Working with many international clients it is understood how hard it is for a company to become a global success, but what does it really take?

Maxwell Drummond have placed candidates in over 42 different countries working with many companies who scale out all over the world.

In 2017 SMEs exporting to overseas markets increased by 6.6% to 232,000. Currently SMEs have to fight to stand out although they are an important segment of the market.

The financial crisis impacted many SME businesses with 1.8 million small businesses going default between 2008 and 2010. Moving forward companies are continuously looking for ways to expand to avoid being part of that 1.8 million. Transitioning into a global market is a big step in the right direction.

There are many reasons to want to internationalise your business, increasing sales, reaching different clients and markets and finding new ways to innovate. After the crisis in 2011 Oxford Economics stated ‘SMEs are investing aggressively in technology to improve operations and make themselves more nimble.’

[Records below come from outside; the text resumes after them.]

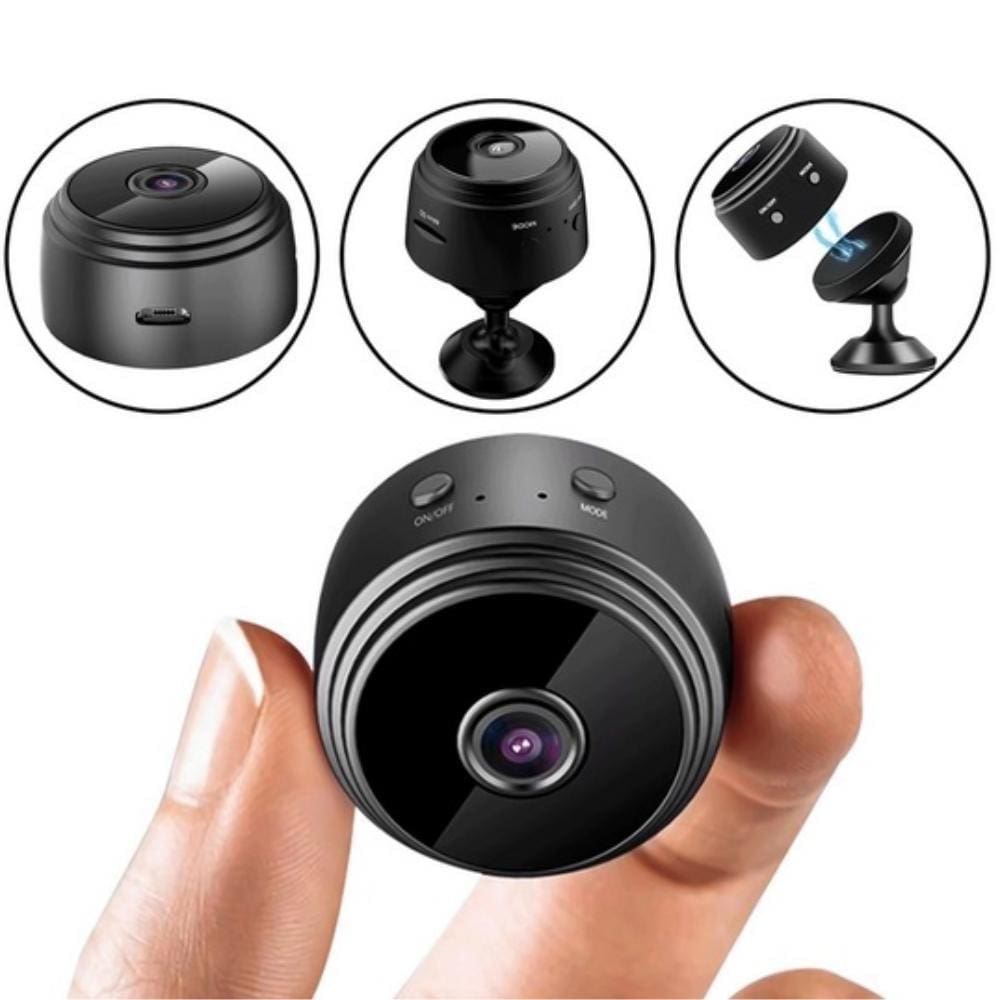 Câmera Hd A9 Mini Wifi Discreta Escondida Segurança Hd 1080P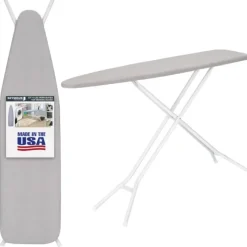 Shop 4 LEG PERF TOP IRONING BOARD GREY LIGHT - cozylivehome.com | we sell a wide range of comfortable household items Housewares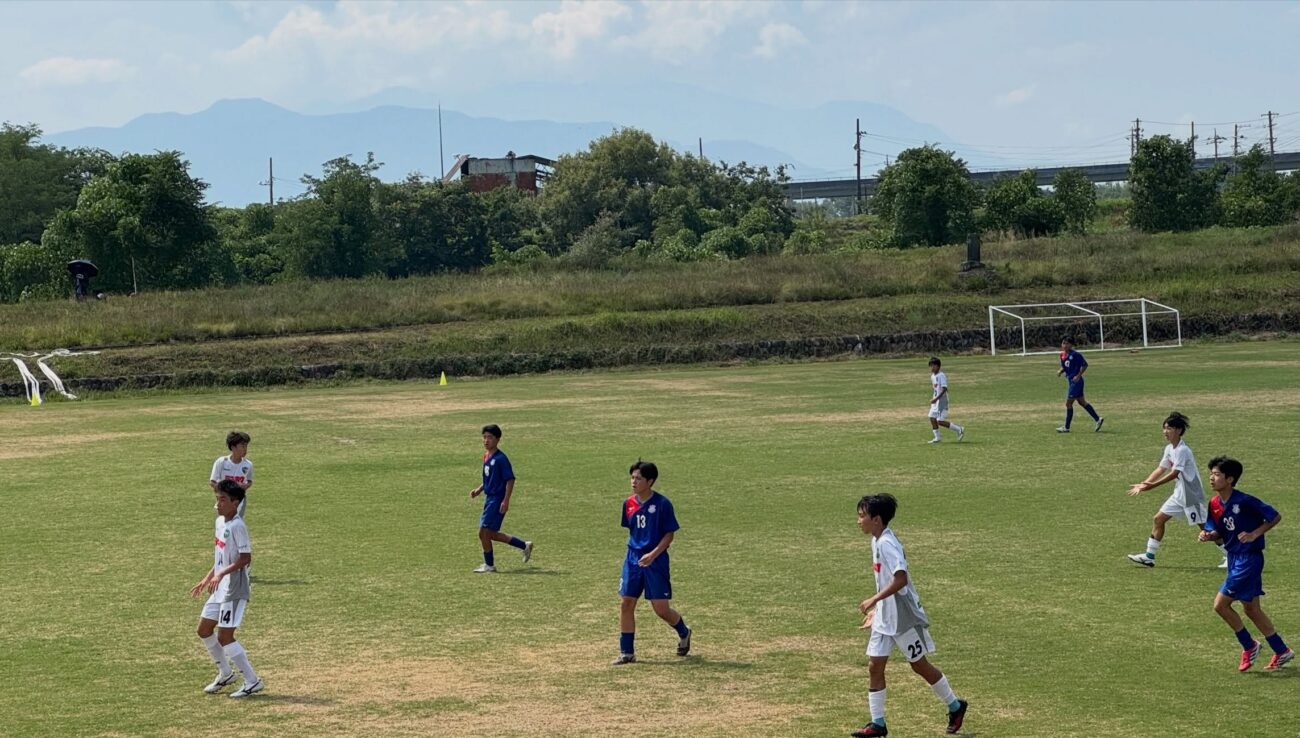 FCアビエスジュニアユース2026-信陽精油CUPin山梨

The rise in tech after the crisis has supported in creating opportunity for SMEs to expand and move in ways only larger companies could before.

SONRU a company from Ireland who launched in 2009 offering a unique video screening service in the recruitment market who became international stated:

‘The key factor is to fail and fail fast – learn quickly and try not to make the same mistakes again. Also, if you are an owner manager, it is important to recognise your own shortcomings’.

SONRU are now a global leader in video interviewing and selection.

With the right team and motivation SMEs can break into the global market and now is as good a time as any.

High Growth Scotland recently released an article including “International trading success: the secret?”

Explaining that the best ways to tackle success in internationalisation is through Reputation Building, Consistency, growing within Means and One Size does Not Fit All (not everything you do will work in each country).

Jumping into the global market can be daunting and seen as risky but overall will be ultimately rewarding.